Sometimes agreeing on how to calculate the amount of working capital gets laborious and even stressful. So I was glad to get the following overview from attorney Walt Maas at Karr Tuttle, which he sent to one of our mutual clients (and which he has given me the approval to use and share).
Customary for transactions to be cash free/debt free with a working capital adjuster that uses average Trailing Twelve Months (TTM) end working capital (generally A/R plus inventory, less A/P and accrued liabilities, but excluding in each case cash and current portion of any debt) as a target or PEG amount.
Closing date actual working capital, as so calculated, is then compared to the target working capital and the seller is paid the delta if closing working capital is higher than the target (theory is that seller has invested incremental cash to the extent of the excess and should be repaid that amount by buyer) or buyer is given a price reduction if closing working capital is less than the target (theory is that seller has liquidated working capital below the average and, as seller retains cash, should repay the delta to buyer by way of a price reduction).

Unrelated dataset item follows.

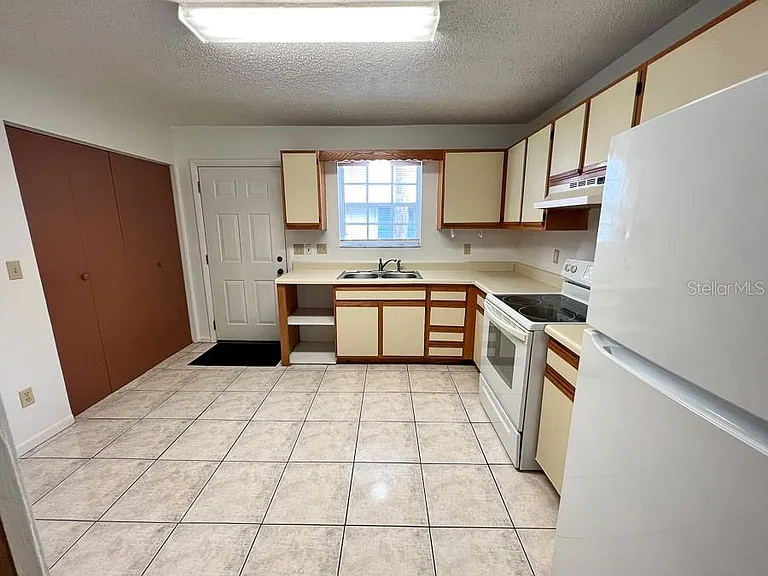 5601 Avenue H #2 — Photo 7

The idea is that the TTM average, with the adjustments described above, is the amount of working capital at closing necessary to run the business.
Using a working capital adjuster also polices the management of working capital by seller prior to closing (i.e. no benefit to the seller of accelerating A/R or delaying payment of A/P as a means of generating retained cash) and provides a back stop to the buyer’s working capital diligence by means of a post closing true up process to determine actual working capital at closing.
Yes, the above gets modified based on circumstances but it’s a fantastic starting point (thanks Walt!). His definition covers (most of) what’s needed, is an average not just “the closing balance” and prevents either side from feeling manipulated by circumstances.
When it’s fair for both sides it makes the deal a lot easier.